THE PROBLEM: Having found the line containing "Cole Haan Men\'s" in the records below, copy that line and each later one exactly, dropping pictures.

Dataset items
· · ·
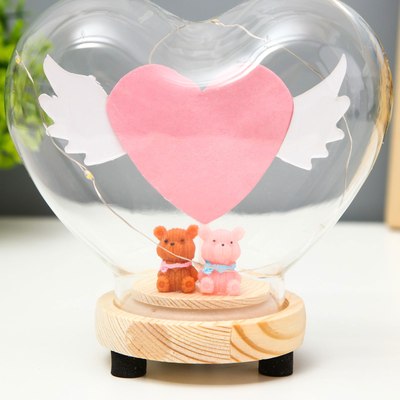 Ночник Risalux Сердце цветное / 9335414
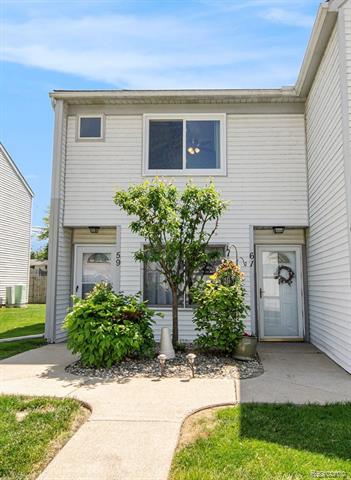 front view picture of 59 Rosebud Ln, Mount Clemens, MI. 48043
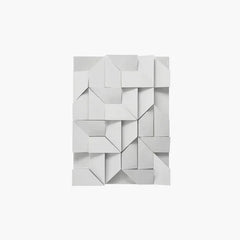 Aplique led pared interior diseño geométrico blanco moderno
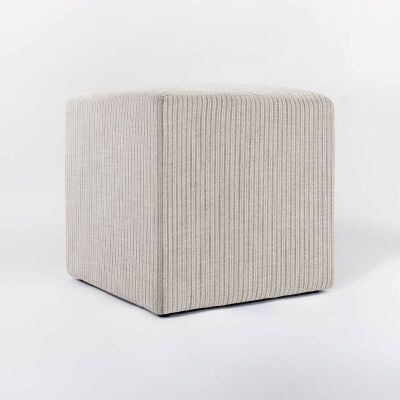 Lynwood Square Upholstered Cube Ottoman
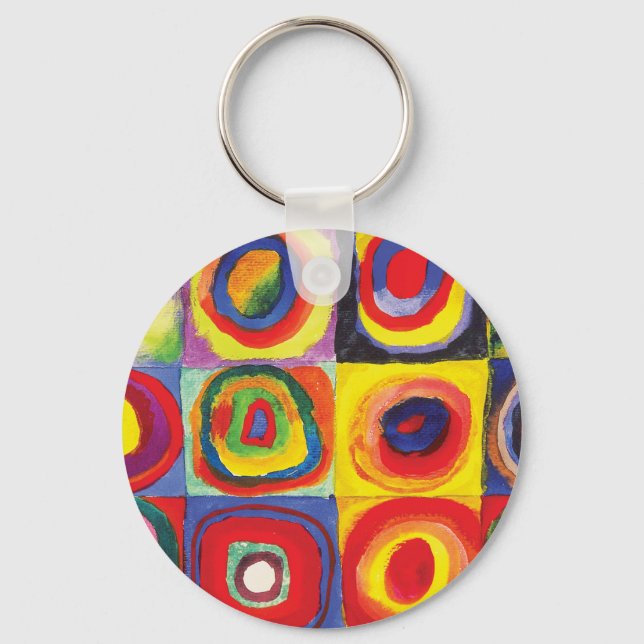 Squares with Concentric Circles Hiroaki Takahashi Key Ring (Front)
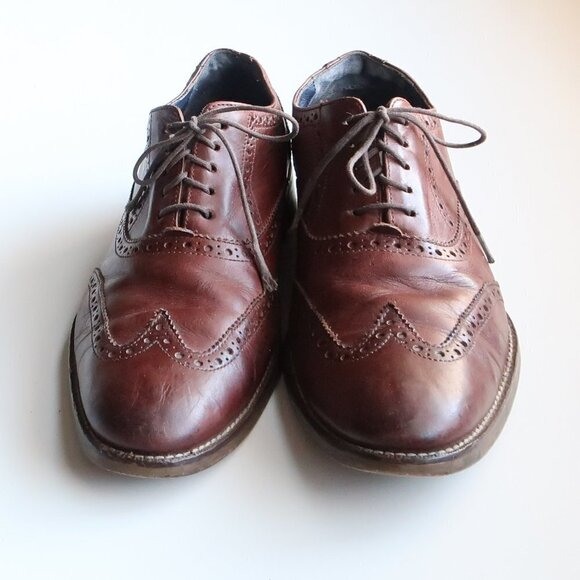 Cole Haan Men\'s Brown Leather Classic Wingtip Oxford Lace Up Shoes Size 9 main image 8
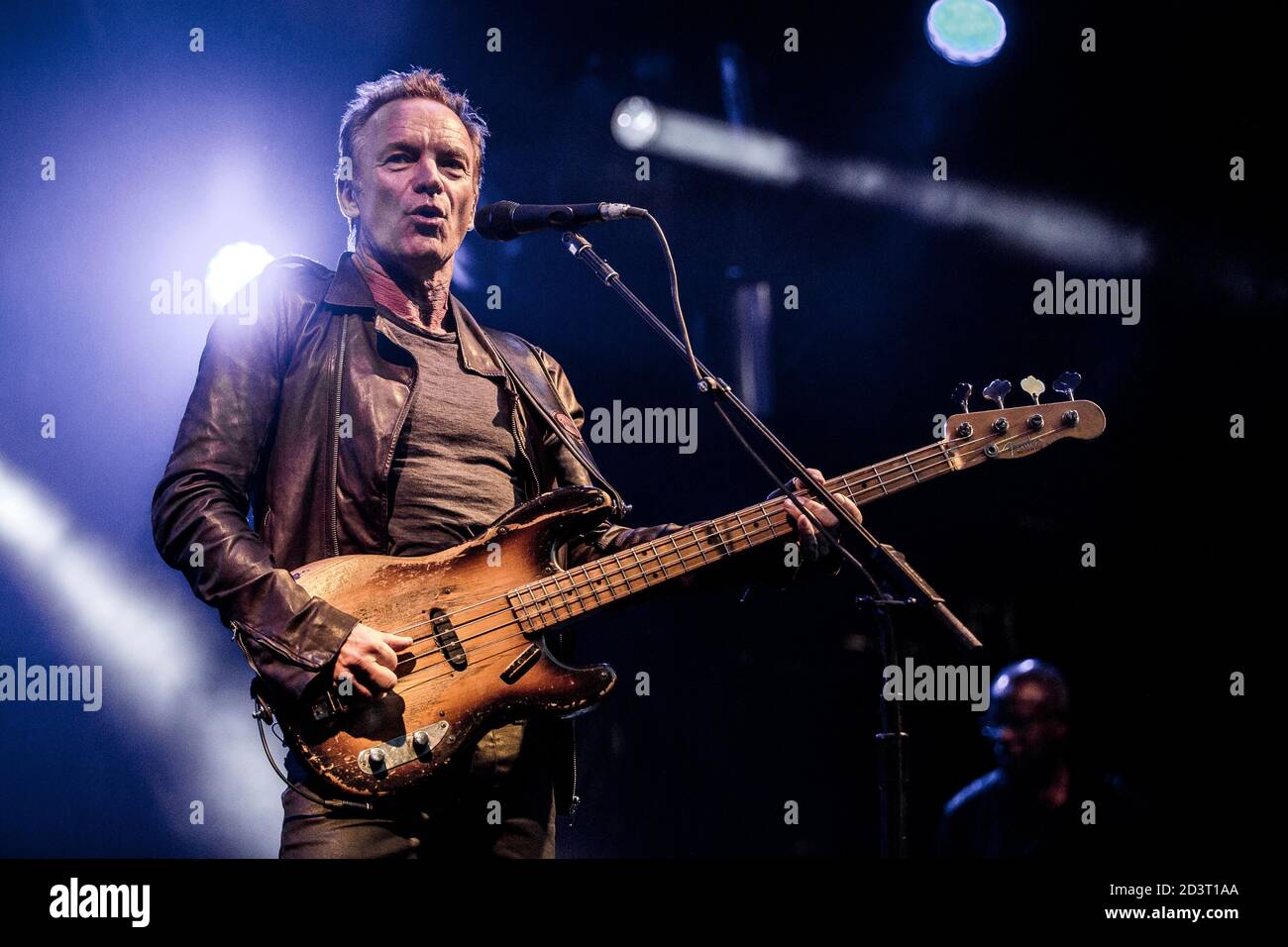 Skanderborg, Danemark. 05e, août 2016. Le musicien, chanteur et compositeur anglais Sting interprète un concert en direct pendant le festival de musique danois SmukFest 2016 à Skanderborg. (Crédit photo: Gonzales photo - Lasse Lagoni). Banque D'Images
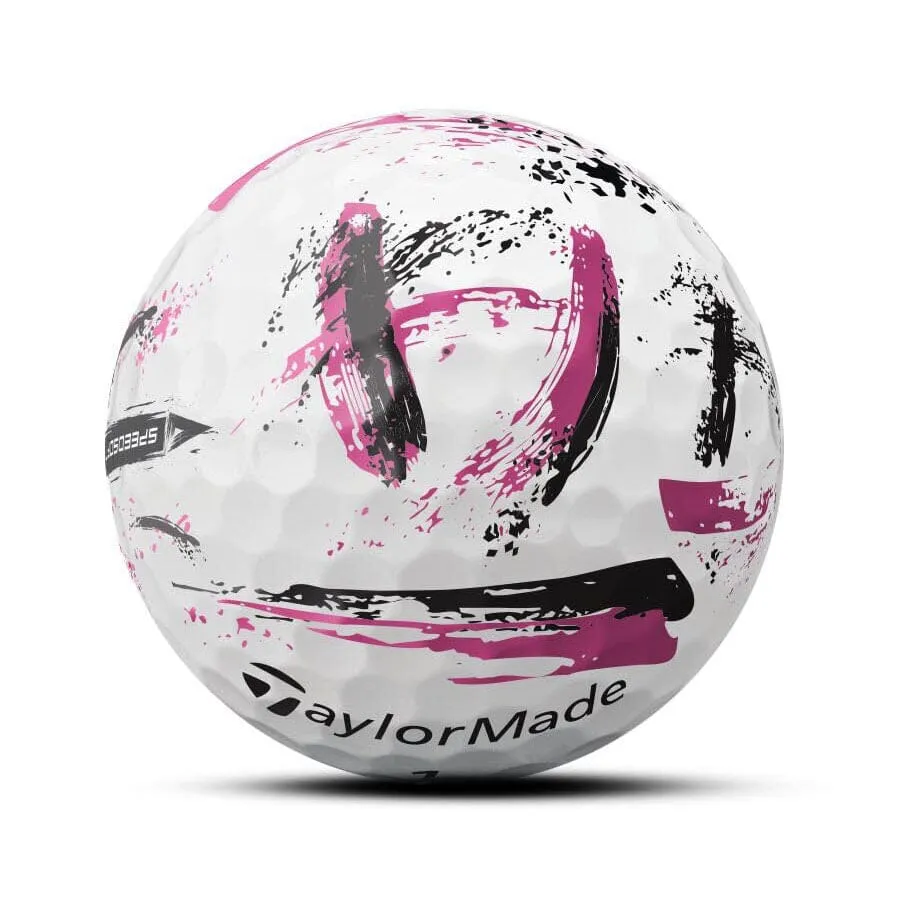 TaylorMade SpeedSoft Ink Pink Golf Balls 12Pk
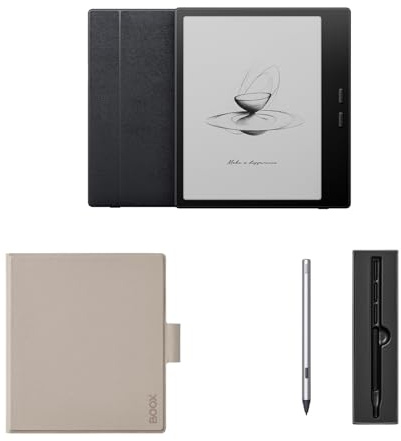 BOOX Go 7 Lápiz Lote ePaper Tablet 7” B/N (Negro) | 64 GB 300 ppi Android 13 Luz Frontal BT WiFi
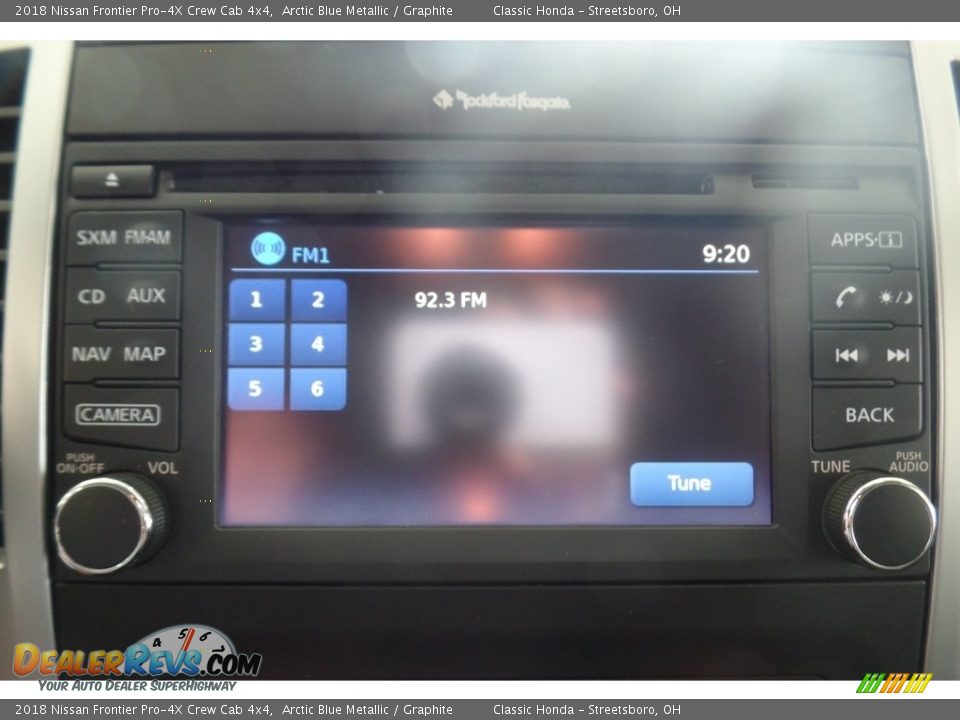 2018 Nissan Frontier Pro-4X Crew Cab 4x4 Arctic Blue Metallic / Graphite Photo #27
· · ·
SOLUTION TO THIS EXERCISE:
 Cole Haan Men\'s Brown Leather Classic Wingtip Oxford Lace Up Shoes Size 9 main image 8
 Skanderborg, Danemark. 05e, août 2016. Le musicien, chanteur et compositeur anglais Sting interprète un concert en direct pendant le festival de musique danois SmukFest 2016 à Skanderborg. (Crédit photo: Gonzales photo - Lasse Lagoni). Banque D'Images
 TaylorMade SpeedSoft Ink Pink Golf Balls 12Pk
 BOOX Go 7 Lápiz Lote ePaper Tablet 7” B/N (Negro) | 64 GB 300 ppi Android 13 Luz Frontal BT WiFi
 2018 Nissan Frontier Pro-4X Crew Cab 4x4 Arctic Blue Metallic / Graphite Photo #27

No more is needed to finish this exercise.